Nota Fiscal de Devolução

Documento que anula operações de compra e de venda que não foram concretizadas. A nota fiscal de devolução pode ser emitida quando o prazo para cancelamento já expirou ou o consumidor rejeitou a mercadoria. A sua emissão é essencial para evitar o pagamento de impostos indevidos também.

Nota Fiscal de Exportação

Nota emitida para clientes que estão no exterior. Além das informações exigidas normalmente, é preciso indicar o local de embarque ou de transposição de fronteira e o endereço do consumidor final.

Nota Fiscal de Remessa

A nota fiscal de remessa é gerada quando um empreendedor envia um bem em que já exista uma operação fiscal registrada.

Ou seja, o documento é emitido quando não há uma venda, mas um acompanhamento. Ele informa que a mercadoria está sendo enviada apenas para conserto, doação, demonstração, venda fora do estabelecimento ou armazenamento em outro local.

Dessa forma, não será necessário pagar impostos mais de uma vez.

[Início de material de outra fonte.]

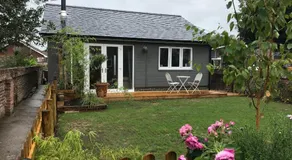 Seaglass Cottage, 5 mins from beach, hot tub on request - Image 4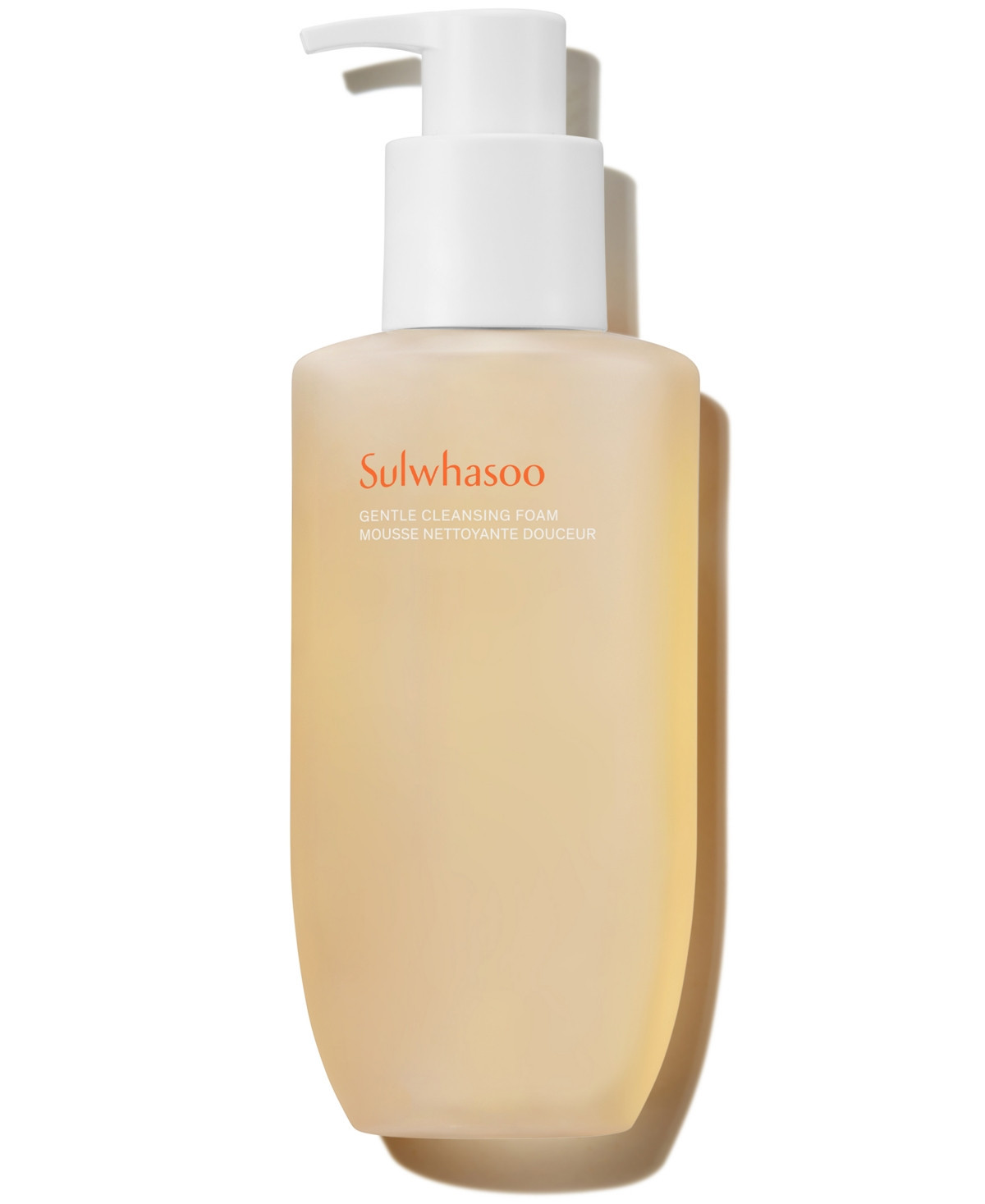 Sulwhasoo Gentle Cleansing Foam, 6.8 oz. | Macy's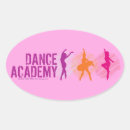 Buscar academia pegatinas Academia de baile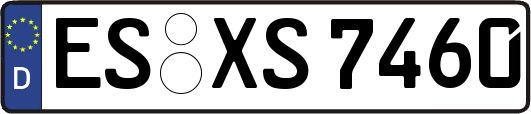 ES-XS7460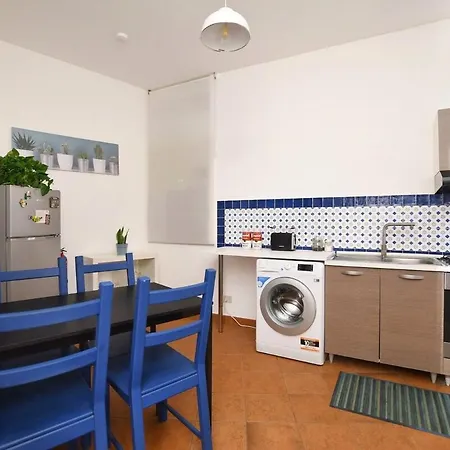 Daire Iflat Casa Riccino Palermo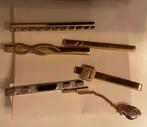 Vintage stropdas klemmen, Antiek en Kunst, Ophalen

Com a leitura deste post, você entendeu mais sobre os diversos tipos de notas fiscais. Enquanto a NFC-e está associada ao varejo, a NFS-e é o documento que os prestadores de serviço devem emitir.

Apesar de suas diferenças, os modelos de notas fiscais foram criados para atender às necessidades de cada setor, respeitar as legislações e melhorar a relação entre empreendimentos e consumidores.